**Source material**
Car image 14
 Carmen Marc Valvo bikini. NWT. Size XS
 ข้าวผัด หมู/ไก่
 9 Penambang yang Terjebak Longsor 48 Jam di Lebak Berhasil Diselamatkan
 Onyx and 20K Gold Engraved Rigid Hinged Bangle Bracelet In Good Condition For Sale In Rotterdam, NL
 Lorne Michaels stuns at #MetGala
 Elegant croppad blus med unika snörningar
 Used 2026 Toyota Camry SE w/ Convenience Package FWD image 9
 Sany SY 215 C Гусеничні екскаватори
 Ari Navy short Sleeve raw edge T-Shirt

**What this task involves**
Write out the whole listing above, keeping each line exactly as it is.

**Your response**
Car image 14
 Carmen Marc Valvo bikini. NWT. Size XS
 ข้าวผัด หมู/ไก่
 9 Penambang yang Terjebak Longsor 48 Jam di Lebak Berhasil Diselamatkan
 Onyx and 20K Gold Engraved Rigid Hinged Bangle Bracelet In Good Condition For Sale In Rotterdam, NL
 Lorne Michaels stuns at #MetGala
 Elegant croppad blus med unika snörningar
 Used 2026 Toyota Camry SE w/ Convenience Package FWD image 9
 Sany SY 215 C Гусеничні екскаватори
 Ari Navy short Sleeve raw edge T-Shirt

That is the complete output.